(Supplied records)
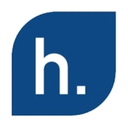 Hairguard Pro logo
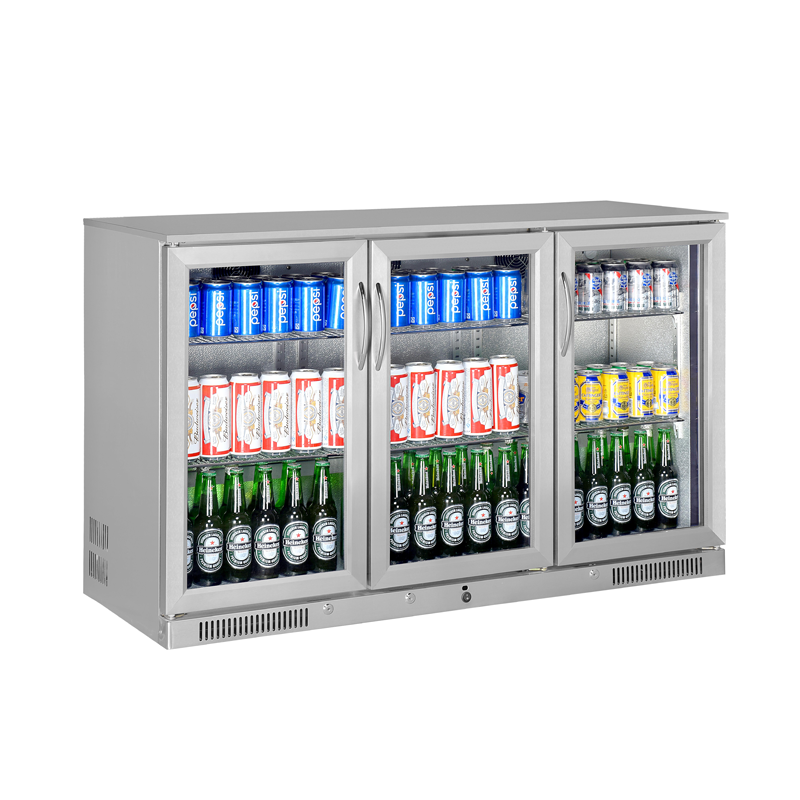 SC-338FS  - 01.png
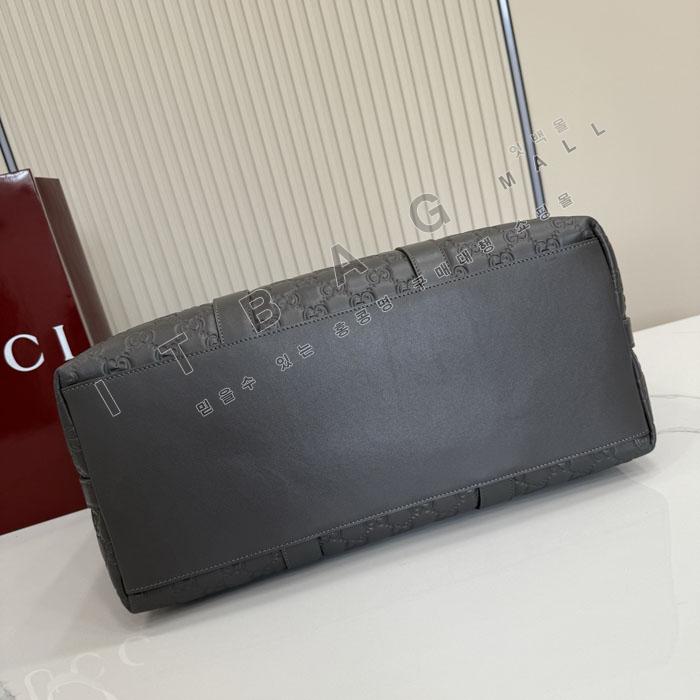 ���� ������ ���� ��Ʈ��  850218-1   25/�Ż�  �׷���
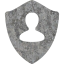 user shield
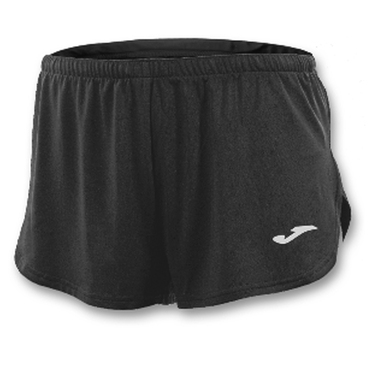 SHORT OLIMPIA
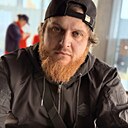Знакомства: Амин, 32 года, Махачкала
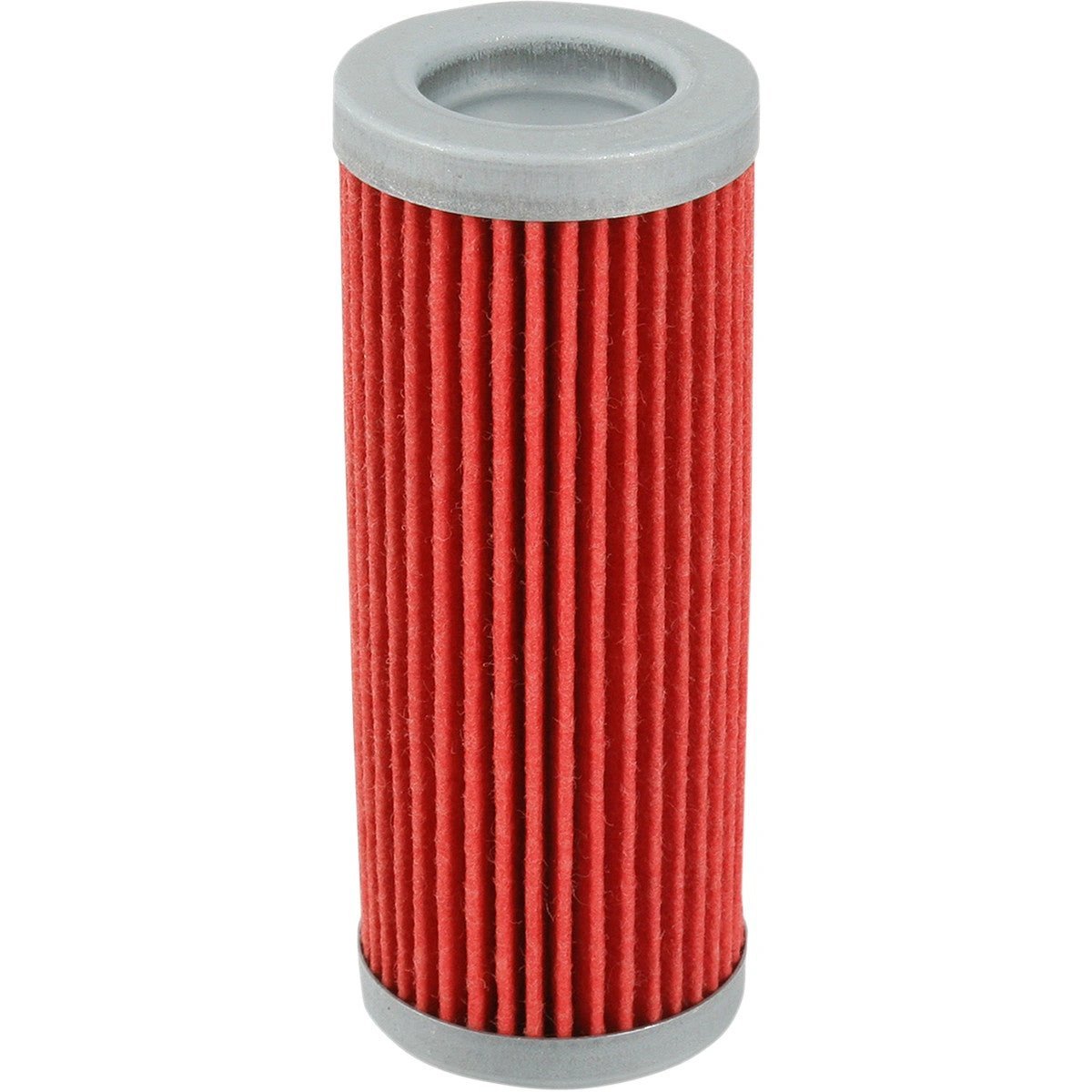 Hiflofiltro olie filter HF652 - MxProStoreParts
(End Supplied records)
## What this task involves
Your copy of the records above should be exact and contain no pictures.

## Response below
 Hairguard Pro logo
 SC-338FS  - 01.png
 ���� ������ ���� ��Ʈ��  850218-1   25/�Ż�  �׷���
 user shield
 SHORT OLIMPIA
Знакомства: Амин, 32 года, Махачкала
 Hiflofiltro olie filter HF652 - MxProStoreParts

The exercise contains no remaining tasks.